The little flyer she gave me specifies a time window when you have to call, and the time is in Mexico City and I have no idea what Time Zone Mexico city is in and if they do Daylight Savings Time, etc.

I walk across the parking lot to a cart selling some sort of Mexican food, but they don't have a menu or anything. Just some woman leaning over a hot grill and a cooler on the ground before the cart.

I try to talk to the lady trapped inside the cart...to see what food she might offer me for sale, but the woman standing before the cart explains to me that they're about to close and that's why there's no menu or anything.

We go back and forth, and I end up ordering three carnitas tacos and pick up some drink out of the cooler I've never seen before.

When my food comes, I pass her a 20 peso note and she starts laughing uncontrollably. Like, who would have thought this skinny white gringo would have pesos in his wallet?

We settle up and I walk back across the parking lot to the two men that are hawking trinkets...the one guy that helped me call Mexico city, and I hand him a $5 bill (USD). And he's shocked. He looks at me like I'm crazy or maybe the richest man on earth...I'm not sure.

When I get home, I'm not really sure how to proceed. I'm reasonably sure that no on will ever answer the phone in Mexico City, but I figure that I have to try. Putting my head under the covers isn't going to get me a Temporary Vehicle Import Permit into Mexico. I decide to figure out what time it is in Mexico City.

I sort out that Mexico City is in Central Standard Time (CST) and that they do use Daylight Savings Time, but they don't change their clocks at the same time was we do in the USA. We change our clocks on November 5th and they change their clocks on October 29th so, for this one week, we share the same time. So it's the same time in Mexico City as it is in Denver for this one week of the year.
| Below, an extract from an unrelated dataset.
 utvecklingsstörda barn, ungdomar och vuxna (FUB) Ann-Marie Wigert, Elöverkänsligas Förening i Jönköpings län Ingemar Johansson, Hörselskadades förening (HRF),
So, I'm still in the window of time specified on the brochure to call Mexico City and set up the appointment. So, I ring them up and lo-and-behold, this time, someone answers the phone in Mexico City and he speaks English and he sets me an appointment for 12:18 pm on Monday morning.

It's such a great feeling to try, and then to be able to find people who are willing to help you. It's so different from the world we're shown on the television.
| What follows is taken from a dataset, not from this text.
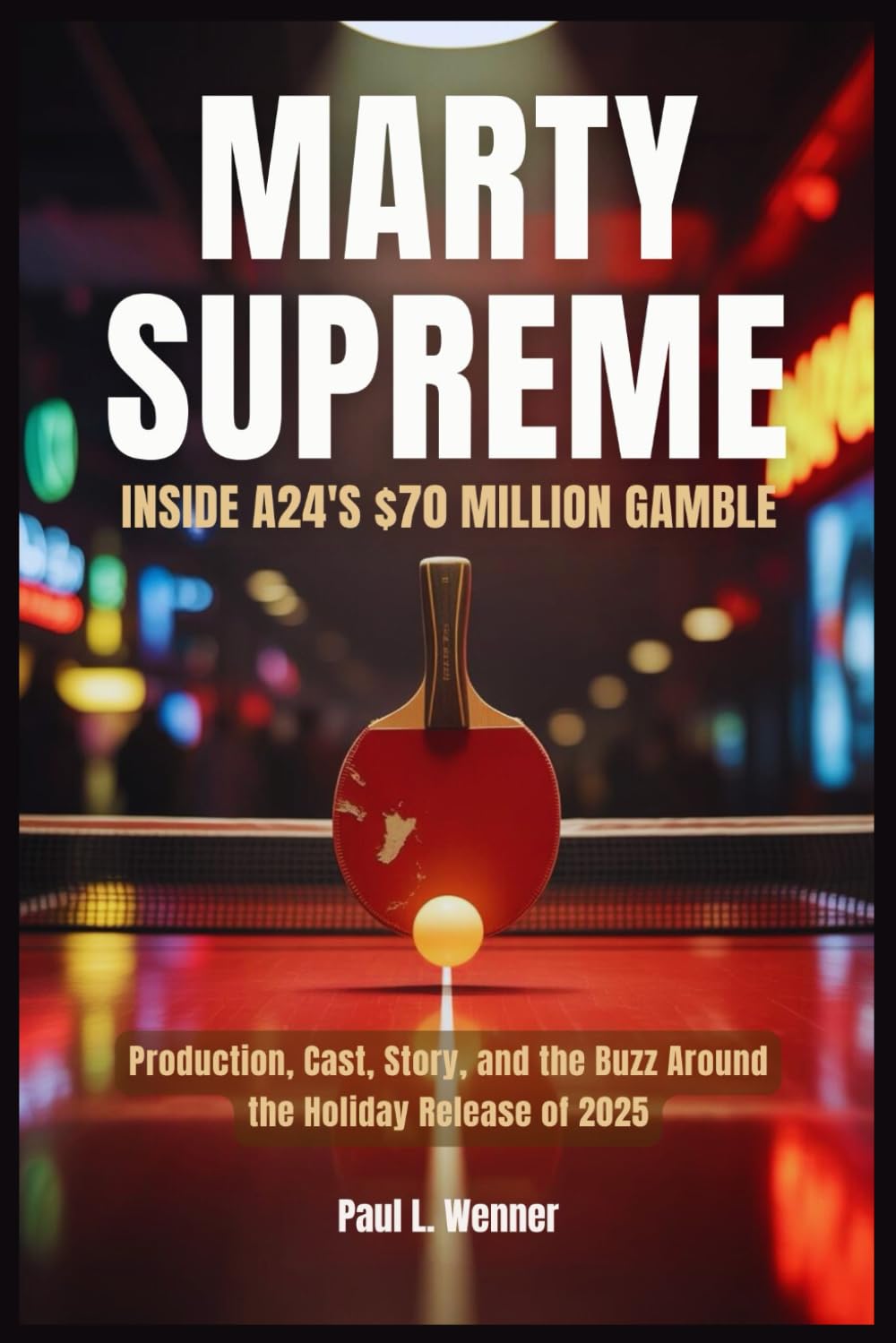 Marty Supreme: Inside A24’s $70 Million Gamble: Production, Cast, Story, and the Buzz Around the Holiday Release of 2025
And...this is what the trip is about, really. This is what I like most about the adventure...you're pushing yourself every day to do things you wouldn't normally even consider doing. Pushed out of your comfort zone, you're sort of forced into a world where you have to interact with total strangers, communicate every day in a foreign language, drive down roads you've never seen before, and basically go explore the world in a way that's not so far removed from the earliest explorers. Like...that's what I'm going to be doing for the foreseeable future....just going wild across the planet, exploring in a way that most people either aren't interested in, or wish they could do, but will never will do for various reasons.
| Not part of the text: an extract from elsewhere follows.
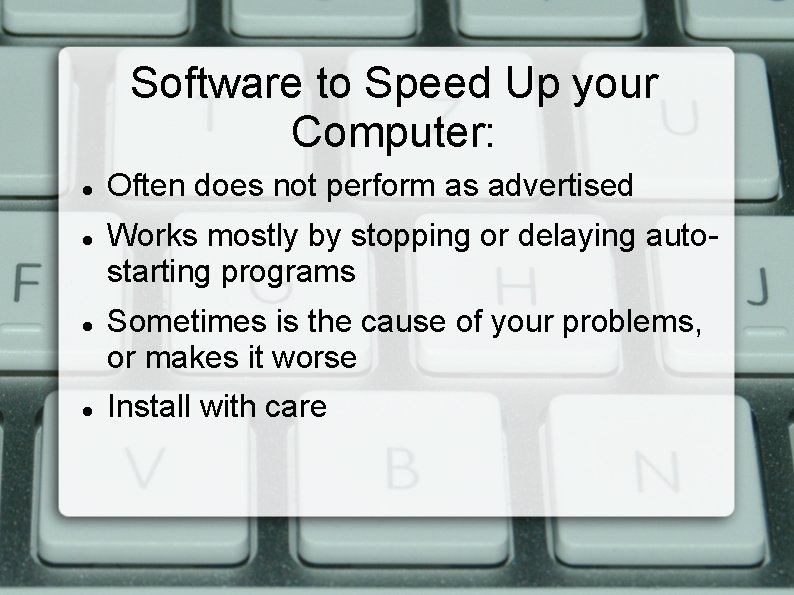 Software to Speed Up your Computer: Often does not perform as advertised Works mostly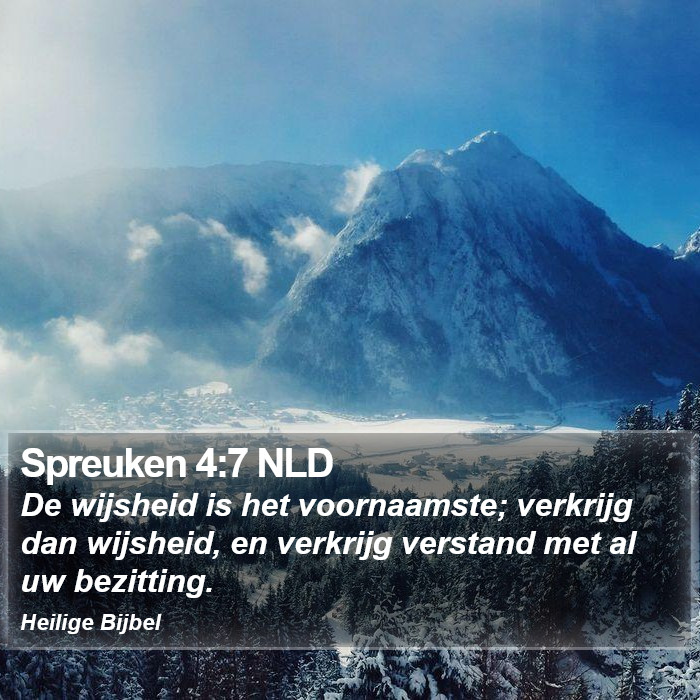 Spreuken 4:7 NLD Bible Study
But now, I'm sort of in that odd state where, I'm planning on taking off. Like a bird fledging the nest. And, you go back and forth between "This is Suicidal" and "I am a genius".

Like, no one else is doing this. They're just not. Like, last time I road from Illinois down to Panama, I saw 1 person that was doing what I was doing, and I ran into him briefly at the Tocumen airport in Panama City. There's not a lot of motorcycle riding cross country in Central America. Yeah...I know...I hear rumors about 3 guys who are going into the Darien Gap. I'm happy for them. But that's 3 people out of a country of 300,000,000.

I have to think that, if I'm capable of making it to Tierra Del Fuego on a motorcycle, that will put me in a very small segment of the population in North America. Like...probably...say 1 in a million? I would guess that would be around right.